-- SUPPLIED DATA follows --

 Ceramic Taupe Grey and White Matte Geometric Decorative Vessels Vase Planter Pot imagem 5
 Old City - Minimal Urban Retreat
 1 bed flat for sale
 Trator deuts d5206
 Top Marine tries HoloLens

-- SUPPLIED DATA concluded --
-- SUPPLIED DATA follows --

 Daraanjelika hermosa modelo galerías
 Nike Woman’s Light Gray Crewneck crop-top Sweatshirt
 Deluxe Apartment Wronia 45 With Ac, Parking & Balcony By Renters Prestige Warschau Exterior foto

-- SUPPLIED DATA concluded --

## WHAT TO PRODUCE
What is asked for is an exact copy of the lines above from the one containing "1 bed flat for sale" through the one containing "Top Marine tries HoloLens", and only those.

## RESPONSE TO THIS TASK
 1 bed flat for sale
 Trator deuts d5206
 Top Marine tries HoloLens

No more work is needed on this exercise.